WO2021220191A2

WO2021220191A2 - Automatic production of a training dataset for a neural network

Info

Publication number: WO2021220191A2
Application number: PCT/IB2021/053529
Authority: WO
Inventors: Carlo Bazzica
Original assignee: Bazzica Engineering S.R.L.
Priority date: 2020-04-28
Filing date: 2021-04-28
Publication date: 2021-11-04
Also published as: IT202000009283A1; WO2021220191A3

Abstract

A neural network training method comprising the phases of virtually creating a scenography (2) that represents a physical work area (3) in which different objects (7) to be handled are arranged.

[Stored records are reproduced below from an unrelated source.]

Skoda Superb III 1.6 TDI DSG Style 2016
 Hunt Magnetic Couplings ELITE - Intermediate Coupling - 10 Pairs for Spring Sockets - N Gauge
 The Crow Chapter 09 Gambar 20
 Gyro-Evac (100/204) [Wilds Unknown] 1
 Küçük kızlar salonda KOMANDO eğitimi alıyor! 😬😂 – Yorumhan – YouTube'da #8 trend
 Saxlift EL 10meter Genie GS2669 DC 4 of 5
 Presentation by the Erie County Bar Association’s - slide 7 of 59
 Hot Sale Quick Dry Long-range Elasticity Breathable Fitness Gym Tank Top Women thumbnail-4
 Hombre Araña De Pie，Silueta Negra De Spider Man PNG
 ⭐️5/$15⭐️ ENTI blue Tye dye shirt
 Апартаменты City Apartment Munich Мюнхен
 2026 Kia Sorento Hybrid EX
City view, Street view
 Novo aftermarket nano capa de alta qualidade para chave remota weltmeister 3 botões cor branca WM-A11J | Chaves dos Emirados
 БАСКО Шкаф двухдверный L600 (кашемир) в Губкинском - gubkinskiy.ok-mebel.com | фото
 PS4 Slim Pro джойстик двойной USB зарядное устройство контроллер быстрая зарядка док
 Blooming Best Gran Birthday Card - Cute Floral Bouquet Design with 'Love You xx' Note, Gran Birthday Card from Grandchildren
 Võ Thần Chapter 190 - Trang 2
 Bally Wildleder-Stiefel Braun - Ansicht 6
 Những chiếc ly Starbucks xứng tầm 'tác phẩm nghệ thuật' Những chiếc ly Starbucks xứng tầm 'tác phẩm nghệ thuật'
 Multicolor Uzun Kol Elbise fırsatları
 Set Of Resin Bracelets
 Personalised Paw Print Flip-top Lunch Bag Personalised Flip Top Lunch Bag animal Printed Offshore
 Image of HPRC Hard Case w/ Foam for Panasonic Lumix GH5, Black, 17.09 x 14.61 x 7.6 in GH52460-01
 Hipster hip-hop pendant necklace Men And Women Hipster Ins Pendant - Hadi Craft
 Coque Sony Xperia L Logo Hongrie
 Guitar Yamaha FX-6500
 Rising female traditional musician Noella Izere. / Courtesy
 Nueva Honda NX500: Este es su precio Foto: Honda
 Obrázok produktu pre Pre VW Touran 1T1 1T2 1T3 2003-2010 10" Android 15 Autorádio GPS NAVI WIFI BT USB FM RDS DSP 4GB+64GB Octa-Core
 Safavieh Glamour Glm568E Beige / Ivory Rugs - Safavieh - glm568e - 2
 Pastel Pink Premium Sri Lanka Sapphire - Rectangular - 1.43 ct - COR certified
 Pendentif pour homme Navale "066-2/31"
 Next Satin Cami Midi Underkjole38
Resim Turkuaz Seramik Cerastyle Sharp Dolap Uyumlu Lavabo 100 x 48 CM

The scenography (2) models a 3D representation of the objects (7) and implements the laws of physics to which the objects (7) would be subjected in a real physical environment; processing 3D images (10) extracted from the scenography (2) by extracting from each image labeling data (11) associated with the objects (7) represented on the image, thus forming a training dataset (12); and providing the training dataset (12) to a neural network (13) to carry out a network setup phase that implements the artificial intelligence for the recognition of different types of objects (7) and for determining the positions of the individual objects (7) in the physical work area.

Description

AUTOMATIC PRODUCTION OF A TRAINING DATASET FOR A NEURAL NETWORK

Cross Reference to Related Applications

This patent application claims priority to Italian patent application no. 102020000009283 filed on 28.04.2020, the disclosure of which is incorporated herein by reference.

Technical Field of the Invention

The present invention relates, in general, to the field of neural networks, and more particularly to the automatic production of a training dataset for a neural network.

State of the Art

As is known, an increasing number of objects are sold online through e-commerce platforms where a vast variety of different objects characterized by an ever-shorter life cycle is offered.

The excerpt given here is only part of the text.